By Tim Hunt
I’m huddled next to the stage of the Holiday Star in Merrillville, Indiana. My camera’s slung around my neck as I try not to fall asleep from boredom while waiting for my little sister to walk across the stage and receive her diploma. Listening to a bunch of high school kids give speeches on their accomplishments and the promise the future holds, I laugh, thinking about my newly acquired college diploma and my lack of a job. Photojournalism? Who am I trying to be? Peter Parker? Why does the profession I love have to be one of the most difficult to get into?
My sister nervously walks across the stage and with my job done I sneak outside to my car to have a cigarette. I turn on the radio to listen to the news about the final Democratic primary. I hear the results and smile. At this point I don’t even care what kind of president Barack Obama could be. I’m just happy to know my portfolio just a got a little more interesting.
While many people started following the election much earlier, I began to literally follow it in August of 2007. The Democrats were invading Soldier Field.

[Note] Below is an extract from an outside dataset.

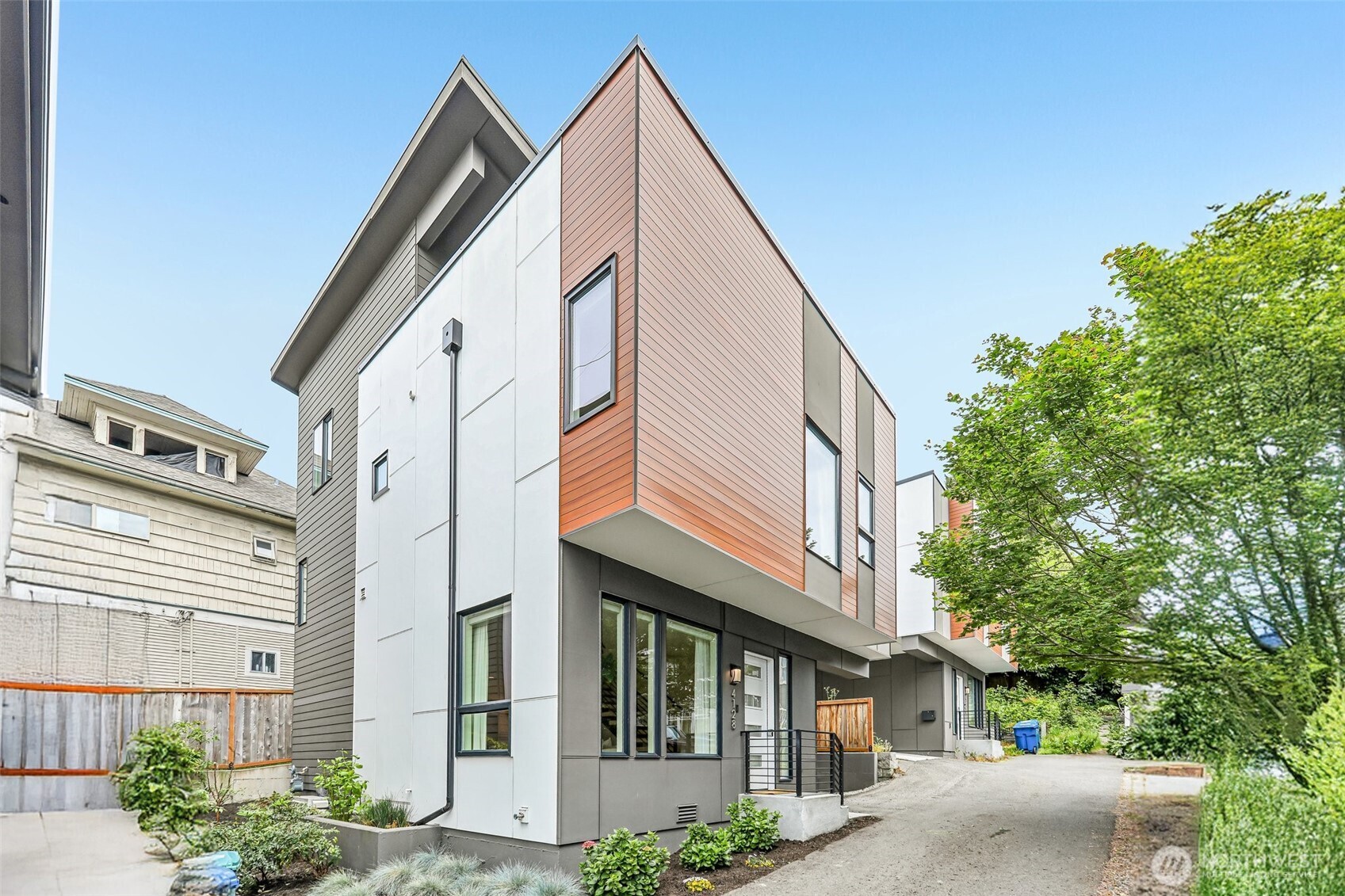 4128 3rd Avenue Northwest Seattle, WA 98107 - Photo 2 of 39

I had just started working at my school newspaper and had begun my senior year at Columbia College. I decided to try and use whatever swagger this position offered me and try to get into the big debate.
The day was hot with that yellow smoggy heat that only Chicago can create, the sun beating down on my recently shaven head, transforming my Irish skin from snow white to ruby red almost instantly. My equipment was not up to par so I rented a longer lens for the occasion. A 300mm with a 1.4x extender strapped onto my Rebel is basically the equivalent of trying to fire a scud missile off of a water pistol. Needless to say when I approached the press pit, I reeked of amateur. We stood outside the gates waiting for Obama to appear. His scheduled time of arrival came and went and nobody seemed to notice but me. I was still too green to know that nothing in Chicago runs on time. As nervous anxiety mixed with impatience grew inside me, I approached one of the seasoned veterans of photojournalism to ask him what was going on. He looked down at me with a glare I hadn’t seen since answering a question wrong in the third grade.
“Barack Obama is going to speak,” he said, matter-of-factly.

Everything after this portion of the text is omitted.